One of the biggest concerns women hold as they approach birth can be, what is going to happen to my vagina! Will I tear during birth? Will it ever be the same again down there? It's not a subject readily spoken about, unless we hearing the horror stories, so here are 5 things to understand about tearing and suggestions that can help you positively prepare and help prevent tearing during birth.
During birth our babies pass through our cervix and our vaginal canal, or as I like to call this area, our Birth Path. We have been beautifully designed to allow for the stretching and opening that must happen during birth, by the many folds of tissue within our cervix & vagina, that will soften, thin, pull up and gradually open during labour. There are also tiny nerve receptors within the vaginal path, that, when stimulated by our baby’s head descending on them, secrete our natural lubrication, helping mum & baby to be comfortable.
The perineum is a group of muscles and elastic fibres that provide support to our pelvic functions and connect to our pelvic floor, they also circle around & in between our vaginal opening and our rectum. The tissues and muscles of the perineum will fold and stretch during birth to allow our baby to birth gently.
Practising pelvic floor exercises daily will help to tone the muscles within and around your perineum, as you prepare for your birth. Its also a great way to get to know the muscles that you will look to relax during your labour & birth. Build up to a daily practice, aiming for 3 times a day. Build it into your routine so perhaps when brushing your teeth & at lunchtime.
The idea of perineal massage can feel daunting, but it can be a simple way to connect with your birthing muscles & help to gently stretch them before birth. Experiencing the sensation of pressure within this area, whilst you practise relaxation, can also really help you let go & relax those muscles during birth. Be gentle and slow as you engage with this massage, from 32 weeks, build the pressure a little each time you do it, relax and try not to rush.
Movement & positions will happen naturally during labour, your body instinctively showing you what feels good. Taking a position that will help you work with your birthing muscles, not against them, however, can really help you to prevent tearing during birth. A side lying position encourages a slow, gentle birth and is shown to have the fewest instance of tears. Kneeling or on all fours positions can also help to relax the perineum, alleviating pressure on this area. Avoid lying on your back and pulling up your knees which will tighten the skin and tissues of the perineum, increasing the risk of tearing.
Forced pushing by default requires us to hold our breath and creates tension within our bodies, we are more likely to tear when our baby is descending on to hard, tense muscles.

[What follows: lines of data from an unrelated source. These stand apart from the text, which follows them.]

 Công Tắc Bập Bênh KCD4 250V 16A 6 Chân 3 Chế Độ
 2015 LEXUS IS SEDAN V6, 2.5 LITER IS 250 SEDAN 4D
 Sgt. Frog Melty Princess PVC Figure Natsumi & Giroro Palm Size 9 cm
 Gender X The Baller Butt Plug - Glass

Our muscles need oxygen to work, particularly our birthing muscles! Deep breathing during the birthing phase will help you to maximise your intake of oxygen, and directing your breath down through your body will send deep, oxygen rich blood to your pelvic area helping these muscles to work efficiently. Relaxed muscles which are soft and open are less likely to tear in birth and will help your baby descend gently.

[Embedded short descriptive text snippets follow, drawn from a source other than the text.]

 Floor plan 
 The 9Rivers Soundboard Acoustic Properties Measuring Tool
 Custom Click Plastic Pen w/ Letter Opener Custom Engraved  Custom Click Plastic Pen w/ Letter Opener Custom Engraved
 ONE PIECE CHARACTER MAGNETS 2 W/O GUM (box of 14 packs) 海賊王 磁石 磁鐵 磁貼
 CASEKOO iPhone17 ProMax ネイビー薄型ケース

A birthing pool filled with warm water is a feeling of total bliss during labour. Not only do we get a rush of oxytocin from the warmth and sensation on our skin, we also naturally relax in this environment, and that means our birthing muscles too!
If you do not have access to a birth pool, a warm bath can do the trick just as well, and this is great during the early phase of labour when you will be at your home, or if you are planning a home birth and don’t have the space for a birth pool.
A warm shower is also amazing, direct the water over your tummy and pelvis or fill a jug and pour over your back and your tummy for a deep feeling of relief.
A hot water bottle can also be your best friend, applying warmth to your back and pelvic muscles as you need.
There is some evidence to suggest that warm compress and massage to the perineum in the late stages of can reduce the risk and severity of tearing, however some may find the physical contact at this stage too obtrusive, so keep an open mind to this option and really discuss it with your midwife team on the day to know that you will feel comfortable and supported for this to be really beneficial.
What if I do tear?
So, there are lots of positive steps that you can take to reduce and prevent the risk of tearing during your birth. Sometimes however, tears do happen for no fault or reason of our bodies design, or the way in which we are birthing. Episiotomies are really not recommended, but they can at times be necessary for our birth journey.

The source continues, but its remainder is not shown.